The sight of guards posted outside Royal Palaces in and around London, dressed in their scarlet tunics and bearskin hats, is famous the world over, but do you know how to distinguish which of the Household Divisions five foot regiments of Foot Guards is providing The Queen's Guard at Buckingham Palace?
The five Regiments of Foot Guards are the Grenadier Guards, the Coldstream Guards, the Scots Guards, the Irish Guards and the Welsh Guards.
The Guards have two roles in the British Army; first and foremost they are highly trained infantry soldiers who carry out operational duties worldwide who in addition to their combat role train for Public Duties where they take part State and Royal ceremonial events.
The scarlet uniforms and bearskin caps of the troops you see Changing the Guard at Buckingham Palace may appear the same at first glance, but there are subtle differences.
Click or tap a Guard to see how you can to spot the difference in their uniforms and know more about the Regiment Mounting the Guard.
Each Regiment of Foot Guards has a Regimental Band, who are part of the Army Corps of Music.

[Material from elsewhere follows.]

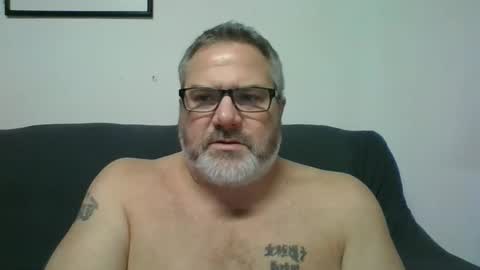 Snapshot of diamond_couple_82 chatting on February 7, 5:10 am diamond_couple_82 online show from February 7, 5:10 am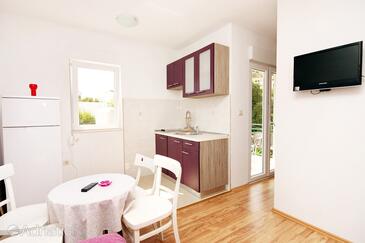 Apartments by the sea Drvenik Donja vala, Makarska - 6701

During Changing the Guard at Buckingham Palace the Bands provide musical support playing a selection of music that ranges from stirring military marches to popular tunes including theme music from films and TV shows.
In addition to their Regimental Band each battalion has, with the exception of the Scots Guards, a Corps of Drums.
The Scots Guards, and the Irish Guards, who in addition to their Corp of Drums, have a Pipe Band who can be seen occasionally at both Buckingham Palace and Windsor Castle.
The Bands can be identified by the plume in their bearskin cap, button spacing, collar and shoulder badges, in the same way as the Guards Regiments.